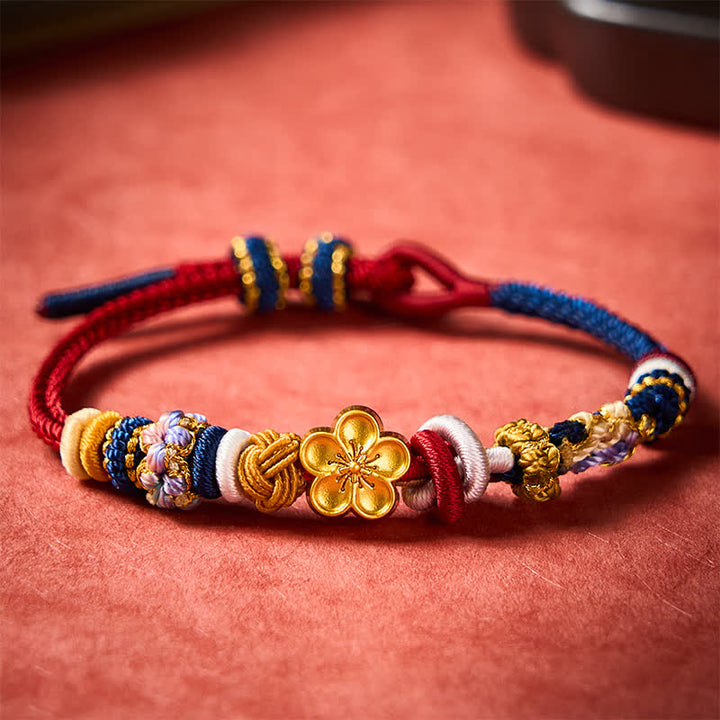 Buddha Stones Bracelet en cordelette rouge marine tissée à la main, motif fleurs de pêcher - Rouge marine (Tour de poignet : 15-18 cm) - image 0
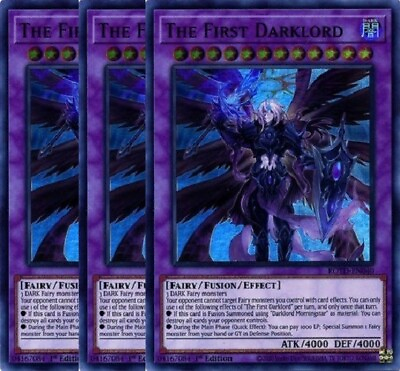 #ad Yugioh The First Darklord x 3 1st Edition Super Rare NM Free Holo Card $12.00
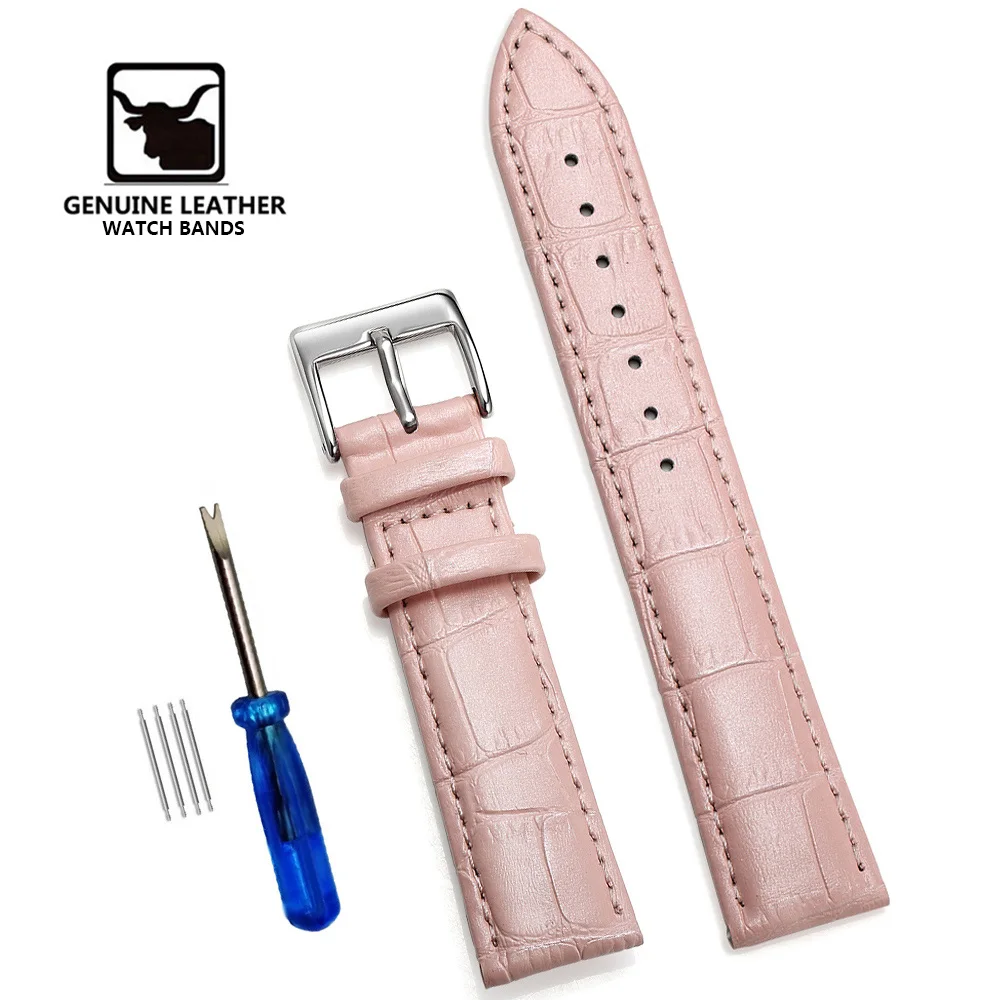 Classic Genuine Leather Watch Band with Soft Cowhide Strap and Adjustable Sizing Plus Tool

☆ ☆ ☆ ☆ ☆

> **EXERCISE INSTRUCTIONS**: Copy the whole listing above word for word but do not carry over the pictures.

> **YOUR RESPONSE**:
 Buddha Stones Bracelet en cordelette rouge marine tissée à la main, motif fleurs de pêcher - Rouge marine (Tour de poignet : 15-18 cm) - image 0
 #ad Yugioh The First Darklord x 3 1st Edition Super Rare NM Free Holo Card $12.00
 Classic Genuine Leather Watch Band with Soft Cowhide Strap and Adjustable Sizing Plus Tool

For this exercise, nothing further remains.